Immune monitoring and TCR sequencing of CD4 T cells in a long term responsive patient with metastasized pancreatic ductal carcinoma treated with individualized, neoepitope-derived multipeptide vaccines: a case report
Katja Sonntag,1 Hisayoshi Hashimoto,1 Matthias Eyrich,2 Moritz Menzel,3 Max Schubach,4 Dennis Döcker,3 Florian Battke,3 Carolina Courage,5 Helmut Lambertz,6 Rupert Handgretinger,1 Saskia Biskup,3 and Karin Schilbach1,7,8
Department of Pediatric Hematology and Oncology, University Children’s Hospital Tübingen, Hoppe-Seyler Street 1, 72076, Tübingen, Germany.
Department of Pediatric Hematology, Oncology and Stem Cell Transplantation, University Medical Center Würzburg, Josef-Schneider Street 2, 97080, Würzburg, Germany.

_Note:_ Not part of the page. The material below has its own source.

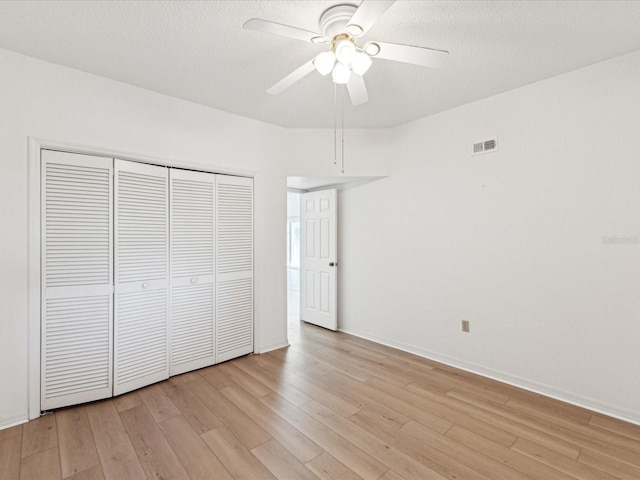 5557 Sea Forest Dr Unit 318, New Port Richey, FL 34652 - unfurnished bedroom with visible vents, a closet, light wood-type flooring, and a textured ceiling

Center for Genomics and Transcriptomics (CeGaT) GmbH and Practice for Human Genetics, Paul-Ehrlich-Straße 23, 72076, Tübingen, Germany.
Institute for Medical and Human Genetics, Charité – Universitätsmedizin Berlin, Augustenburger Platz 1, 13353, Berlin, Germany.
Folkhälsan Institute of Genetics, Haartmaninkatu 8, 00014, Helsinki, Finland.
Klinikum Garmisch-Partenkirchen GmbH, Zentrum für Innere Medizin, 82467, Garmisch-Partenkirchen, Germany.
University Children’s Hospital, University Medical Center Tübingen, Hoppe-Seyler-Street 1, 72076, Tübingen, Germany. Karin.Schilbach@med.uni-tuebingen.de.
Cancer vaccines can effectively establish clinically relevant tumor immunity. Novel sequencing approaches rapidly identify the mutational fingerprint of tumors, thus allowing to generate personalized tumor vaccines within a few weeks from diagnosis. Here, we report the case of a 62-year-old patient receiving a four-peptide-vaccine targeting the two sole mutations of his pancreatic tumor, identified via exome sequencing.
Vaccination started during chemotherapy in second complete remission and continued monthly thereafter. We tracked IFN-γ+ T cell responses against vaccine peptides in peripheral blood after 12, 17 and 34 vaccinations by analyzing T-cell receptor (TCR) repertoire diversity and epitope-binding regions of peptide-reactive T-cell lines and clones. By restricting analysis to sorted IFN-γ-producing T cells we could assure epitope-specificity, functionality, and TH1 polarization.
A peptide-specific T-cell response against three of the four vaccine peptides could be detected sequentially. Molecular TCR analysis revealed a broad vaccine-reactive TCR repertoire with clones of discernible specificity. Four identical or convergent TCR sequences could be identified at more than one time-point, indicating timely persistence of vaccine-reactive T cells. One dominant TCR expressing a dual TCRVα chain could be found in three T-cell clones. The observed T-cell responses possibly contributed to clinical outcome: The patient is alive 6 years after initial diagnosis and in complete remission for 4 years now.
Therapeutic vaccination with a neoantigen-derived four-peptide vaccine resulted in a diverse and long-lasting immune response against these targets which was associated with prolonged clinical remission. These data warrant confirmation in a larger proof-of concept clinical trial.